A fresh interpretation, in text and illustrations, of Jewish life and culture in the American South
In the year 1800, South Carolina was home to more Jews than any other place in North America. As old as the province of Carolina itself, the Jewish presence has been a vital but little-examined element in the growth of South Carolina's cities and towns, in the economy of slavery and post-slavery society, and in the creation of American Jewish religious identity.
The record of a landmark exhibition that will change the way people think about Jewish history and American history, A Portion of the People: Three Hundred Years of Southern Jewish Life presents a remarkable group of art and cultural objects and a provocative investigation of the characters and circumstances that produced them.
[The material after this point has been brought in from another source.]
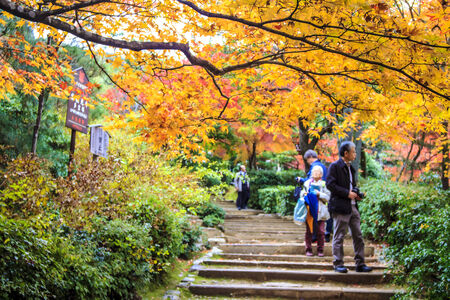 Kyoto, Japan - June 30, 2014: Red maple trees in a japanese gardenのeditorial素材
The book and exhibition culminate a seven-year collaboration by the Jewish Historical Society of South Carolina, the McKissick Museum of the University of South Carolina, and the College of Charleston.
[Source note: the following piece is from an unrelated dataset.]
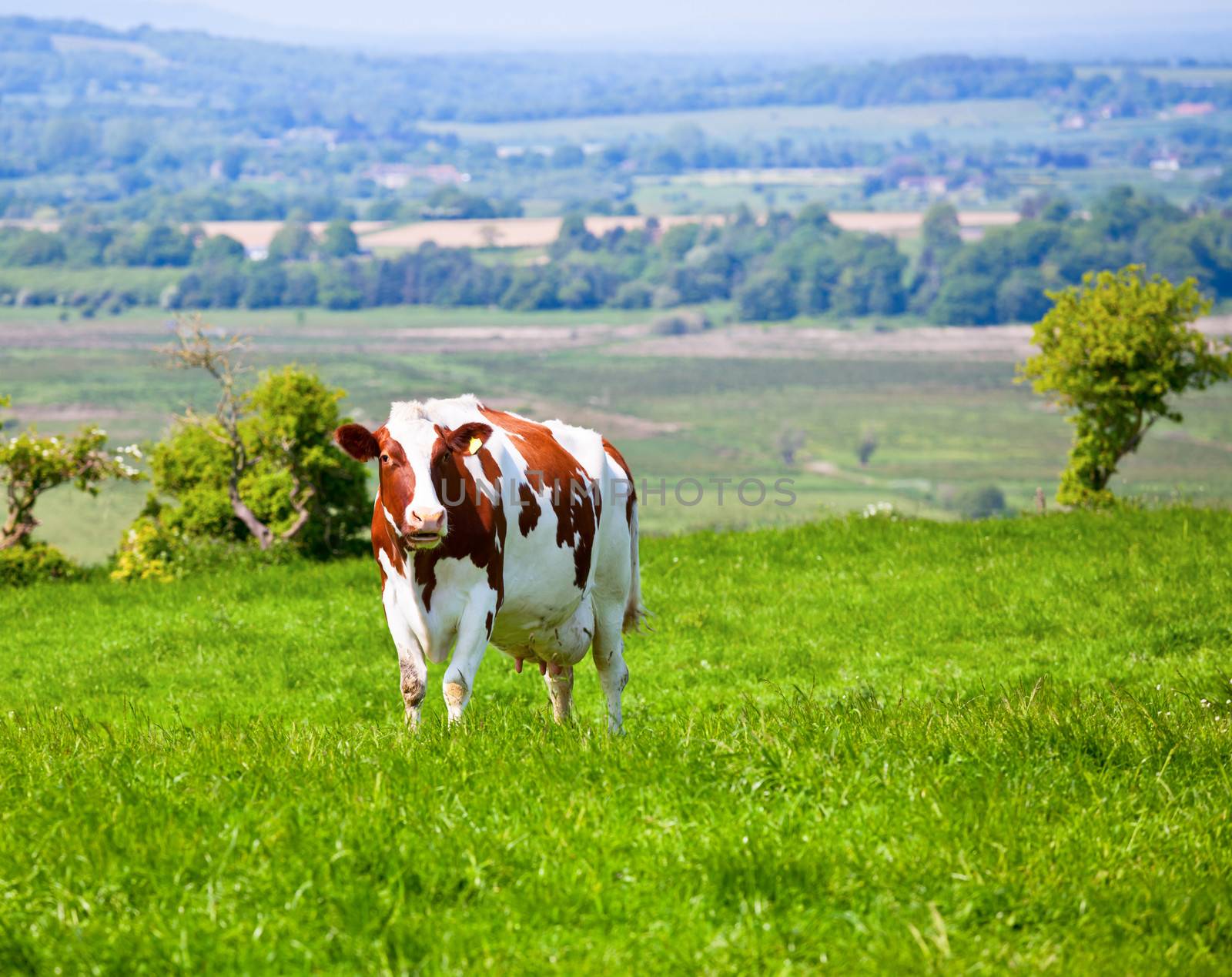 Friesian cattle by naumoid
Edited by Theodore Rosengarten and Dale Rosengarten, with original essays by Deborah Dash Moore, Jenna Weissman Joselit, Jack Bass, and Dale Rosengarten, with a preface by Eli N. Evans, A Portion of the People is an important addition to southern arts and letters. Half the exhibition's 200 objects appear here in color and black-and-white illustrations. Narrative descriptions place the objects in their historical and artistic contexts. Portraits of Jewish citizens prominent in the region's history appear side by side with artifacts that tell of immigration and settlement, adaptation and alienation, success and failure. Just as the Jews in the South tested American freedoms, liberty and tolerance tried the newcomers' adherence to their ancient religion.
A photographic essay by Bill Aron, who has documented Jewish communities around the world, brings the story into the present. His South Carolina photographs reflect major developments of the past fifty years, including the legacy of the Holocaust, postwar prosperity, the challenge of the civil rights movement, and the trend toward increasing religious observance.